Hi everyone!
I am currently starting to use the BRAKER2 pipeline for gene prediction in the genomes of two Phytophthora species. For those who don't know about the pipeline, BRAKER2 uses RNA-seq alignments as input to train GeneMark and AUGUSTUS ab initio gene predictors.
Since I only have RNA-seq data for one of the genomes, I was wondering if it would be a good idea to use RNA-seq reads from a closely related species for my case. Also, do you have any suggestions I could use when running this pipeline? I don't have much experience in annotation, so any idea would be appreciated.

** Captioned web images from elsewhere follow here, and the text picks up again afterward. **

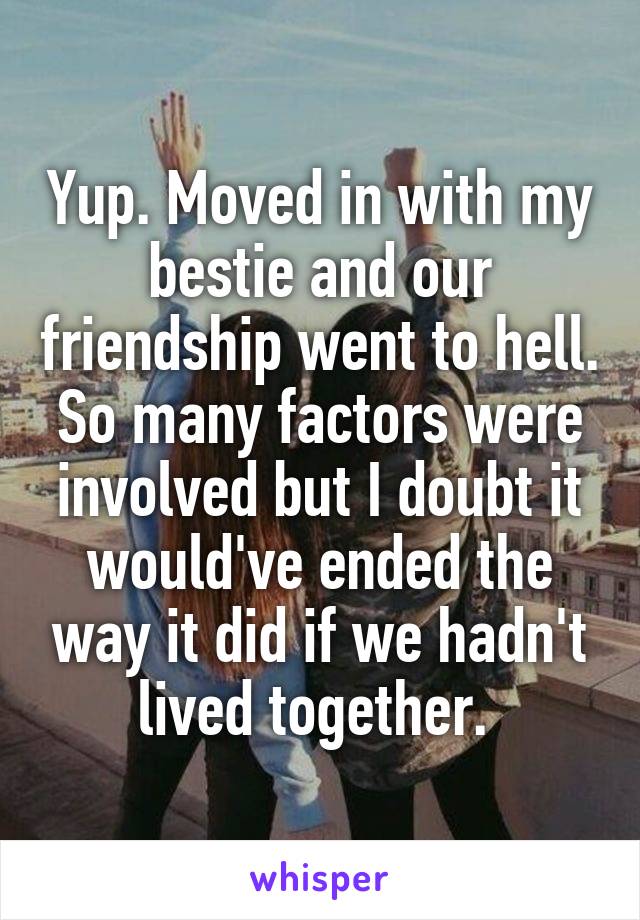 Yup. Moved in with my bestie and our friendship went to hell. So many factors were involved but I doubt it would've ended the way it did if we hadn't lived together. 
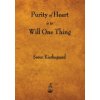 Purity of Heart Is to Will One Thing Purity of Heart Is to Will One Thing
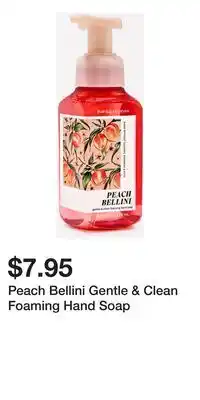 Bath & Body Works Peach Bellini Gentle & Clean Foaming Hand Soap offer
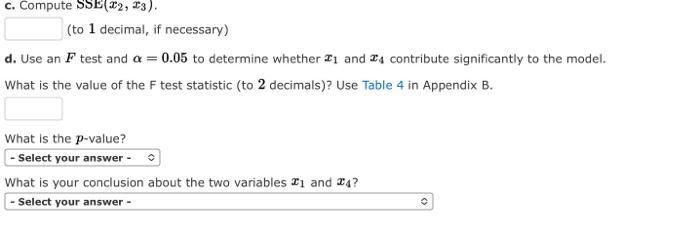c. Compute SSE (X2, 23).
(to 1 decimal, if necessary)
d. Use an F test and a = 0.05 to determine whether #1 and 4 contribute 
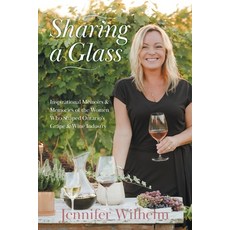 (영문도서) Sharing a Glass: Inspirational Memoirs & Memories of the Women Who Shaped Ontario's Grape & W... Paperback, FriesenPress, English, 9781039193871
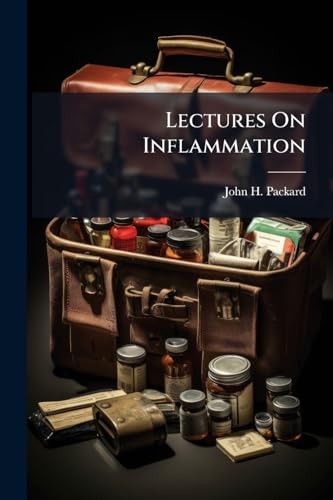 Lectures On Inflammation: Being The First Course Delivered Before The College Of Physicians Of Philadelphia, Under The Bequest Of Dr. Mütter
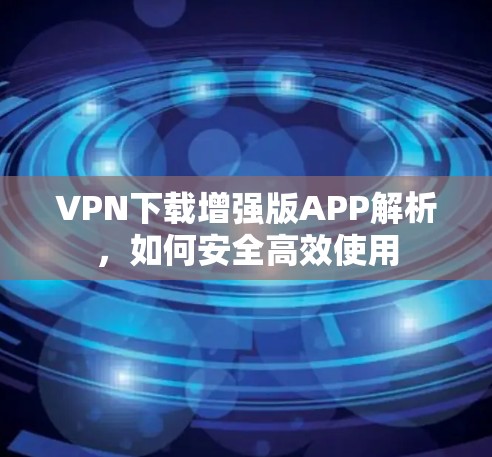 VPN下载增强版APP解析,如何安全高效使用 VPN下载增强版APP解析,如何安全高效使用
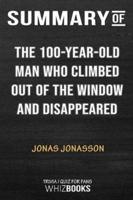 Summary of The Hundred-Year-Old Man Who Climbed Out of the Window and Disappeared: Trivia/Quiz for Fans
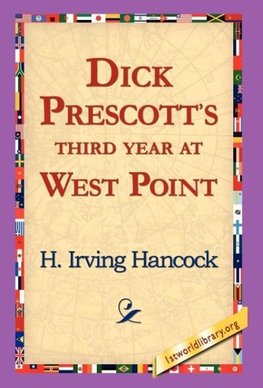 Dick Prescott's Third Year at West Point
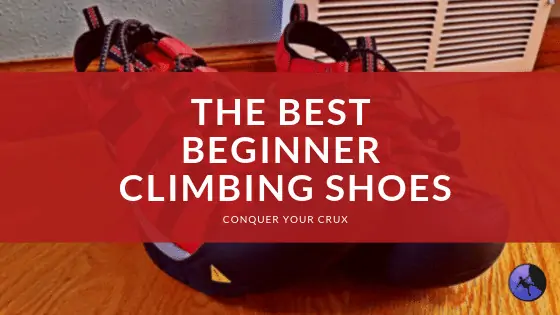 The Best Beginner Climbing Shoes of 2024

Thank you very much in advance!
Hey! Thank you very much for your answer.
The organisms belong to the same genus and are believed to be sister species, so I would say your suggestion is just perfect for my case. :D
Do you use to use any of khmer recipes and afterqc on the RNA-Seq reads?
Yes, I do tend to do minimal QC on the reads like removing adapter, trimming low quality bases etc. But other than that, I tend to use all the reads that would have been QC'd.
I haven't followed Khmer recipes, partly because I was able to setup other alternatives faster and mostly since I've been working on PacBio since the past year. But thanks for Khmer, I'll explore it :)
Which alternatives did you try out?
For QC? I had used FastQC+Trimmomatic. I found it sufficiently fast and good enough, given I picking up reads with q30 or more only.
I'm just using the RNAseq data to derive gene-structure hints to be honest, as I had a very good assembly (N50>7Mb, #Contigs/Scaffolds - 1300/900) with core gene set being 92% and above.